Vanwege de overlappende symptomen worden apathie en depressie bij patiënten met dementie en lichte cognitieve problemen (MCI) vaak gezien als één stoornis. Voor goede behandeling is onderscheid tussen beide echter noodzakelijk. Mogelijk hebben deze stoornissen bovendien een verschillende relatie met cognitie en zou dit onderscheid van diagnostisch belang kunnen zijn. Dit is echter nog niet éénduidig bewezen.
Robin Vloeberghs en collega’s onderzochten in welke mate apathie en depressie voorkomen bij patiënten met MCI en dementie, en de relatie met cognitieve maten binnen de MCI-groep.
Bij een controlegroep van 117 cognitief gezonde mensen (GC), 97 deelnemers met MCI en 50 deelnemers met een beginnende dementie (DEM) werd de Repeatable Battery for the Assessment of Neuropsychological Status (RBANS) afgenomen. Daarnaast werden de apathie evaluatie schaal klinische versie (AES-C, grenswaarde 38) en de geriatrische depressie schaal (GDS, grenswaarde 11) afgenomen.
Het aantal deelnemers met apathie was hoger naarmate er sprake was van een meer gevorderd stadium van cognitieve klachten met respectievelijk 3,4 %; 10,4 % en 41,5 % van de deelnemers in de GC-, MCI- en DEM-groep. De prevalentie van geïsoleerde depressieve symptomen was het hoogst in de MCI-groep (18,8 %). Correlatieanalyses binnen de MCI-groep tonen aan dat apathie geassocieerd is met zwakker presteren op inprenting, aandacht en het algemeen cognitief functioneren.
De onderzoekers concluderen dat apathie en depressieve symptomen in verschillende mate voorkomen bij GC, MCI en DEM en in de MCI-groep geassocieerd zijn met achteruitgang in verschillende cognitieve domeinen.

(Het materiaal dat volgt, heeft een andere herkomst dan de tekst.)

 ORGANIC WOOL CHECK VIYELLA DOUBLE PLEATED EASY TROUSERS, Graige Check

Vloeberghs R. e.a., De relatie tussen apathie, dementie en cognitief functioneren bij patiënten met MCI en dementie. Tijdschr Gerontol Geriatr (2018). https://doi.org/10.1007/s12439-018-0248-6.
Commentaar
Bij het onderscheid tussen apathie en depressie denk ik altijd aan een patiënt die mij vertelde dat hij erg veel plezier ervoer van de hele dag in de stoel zitten en naar buiten kijken. Voor iemand met depressie zou de wereld veel ‘grijzer’ eruit zien. Dat kan voor de mantelzorger ook juist het frustrerende zijn: ‘Hij doet niets en vindt alles prima’.
Dat apathie en depressie belangrijk aandachtspunten zijn bij mensen met cognitieve stoornissen bewijst Vloeberghs et al. De getallen laten zien dat apathie bij MCI en apathie gecombineerd met dementie veel voorkomt. Dat maakt mij weer ervan bewust hoe belangrijk het is om bij dit onderwerp stil te staan bij iedere patiënt die ik voor me krijg.

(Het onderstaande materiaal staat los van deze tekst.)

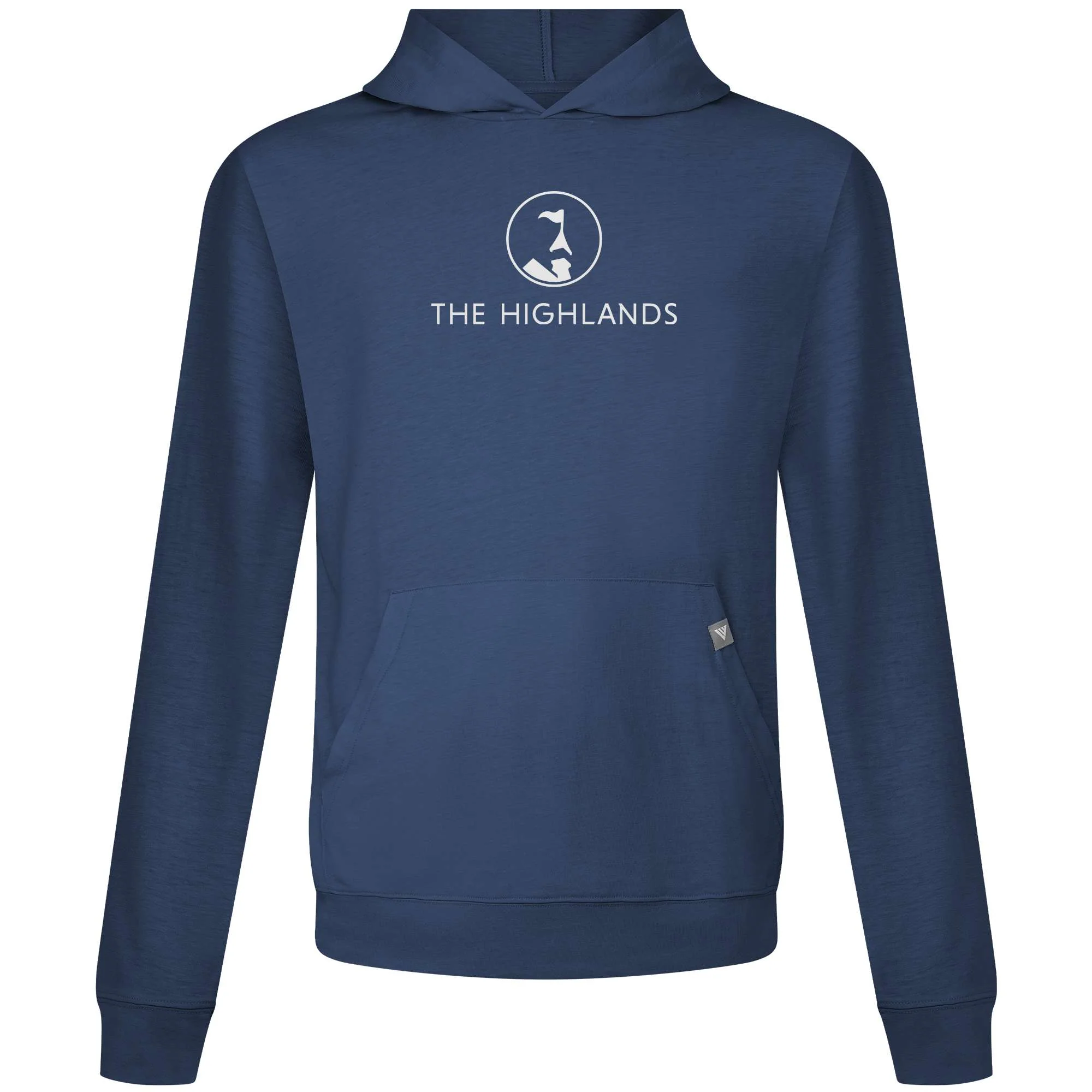 The Highlands Men's Lightweight Tech Hoody White Chest Logo - Image 3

Maar het roept bij mij ook meer vragen op: wat is nu de kip of het ei? Misschien waren de patiënten wel al depressief waarna de cognitie achteruitging. Daarnaast zijn er veel invloeden mogelijk: eerdere psychische diagnose, karakter, life-events of medicatie. Het onderzoek van Vloeberghs et al. is een mooie opzet om dit verder uit te diepen.